I was terrified. I pleaded with Sharif to remind your father of the dangers. I begged him to stop your father from going. He said he would try.
Then the day came. He left. We wept. He told me not to worry and told us all to look after one another. From Autumn that year to the following Spring we had no information about him, his whereabouts, or whether he still lived. Some people even started terrible rumors about his safety. I chose not to believe them. I did not want to believe them. I believed my son was alright wherever he was. I prayed for him everyday.
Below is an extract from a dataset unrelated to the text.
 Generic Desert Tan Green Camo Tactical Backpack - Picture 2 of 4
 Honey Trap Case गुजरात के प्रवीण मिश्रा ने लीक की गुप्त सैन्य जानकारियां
A few months later, I overheard women from our street talking about a boat sinking, and people drowning. They said those who drowned were Hazaras. Darkness fell upon my eyes. I immediately got up and returned home. I asked around if anyone knew anything else. Some relatives told me not to worry as these were other people. Nonetheless, I wept all afternoon, and did not sleep that night. There was nothing we could do.
In the Spring of that year, some time after Nowruz, Moallem called from Iran. He said he had heard about your father, and that he was fine. It made me very happy, but also perplexed. I was concerned as to why he wasn’t getting in touch with us. I wept.
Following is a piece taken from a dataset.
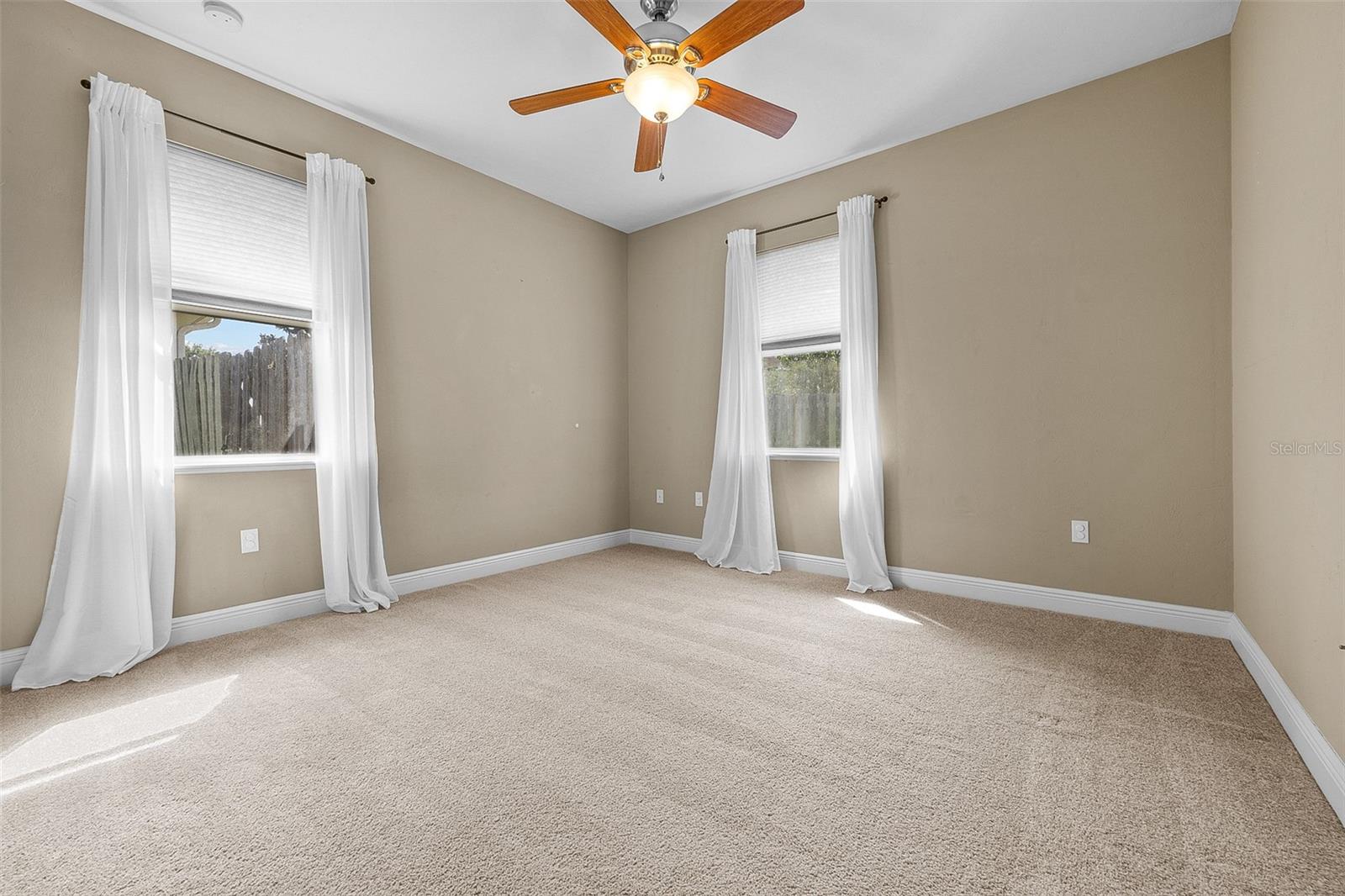 Image 16 of 27 For 7416 87th Terrace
A few months later, a man came over from Marriabad and said they had heard from their relative in Australia. He had met your father and had passed to us greetings from him. I was overjoyed, but even more perplexed and terrified as to why he wasn’t getting in touch with us.
A few months later, just days before the Eid that year when we were preparing Bosragh when I heard the door knock. The kid from the house next door stood at the door with a phone in his hand. He handed me the phone, and on the other side, I heard your father’s voice. I screamed out of joy. I could barely speak. He was alive, and speaking to me. It was him. I passed it to you. You screamed and cried your eyes out. Then your mother, and the others. We were happy.
A few weeks later, your uncle returned home, and said he had received a letter from your father. We were excited, and all gathered around uncle to listen to him read the letter. In his letter your father had written of his year in detention in the desert, his journey through the jungle, his encounter with wild animals and the possibility of death. He said they were being kept in a place in the desert that was cut off from the rest of the world. There were snakes and dangerous things all around their camp. They were in a prison. Our happiness quickly turned into sadness and tears. Your uncle couldn’t read any more of the letter. He folded it up and, we all cried.
A long time later, we received another call, and another letter. We found out that he had been released and lived in a city. He sent us his photos. And I saw my son for the first time in years. I was happy. We were all happy.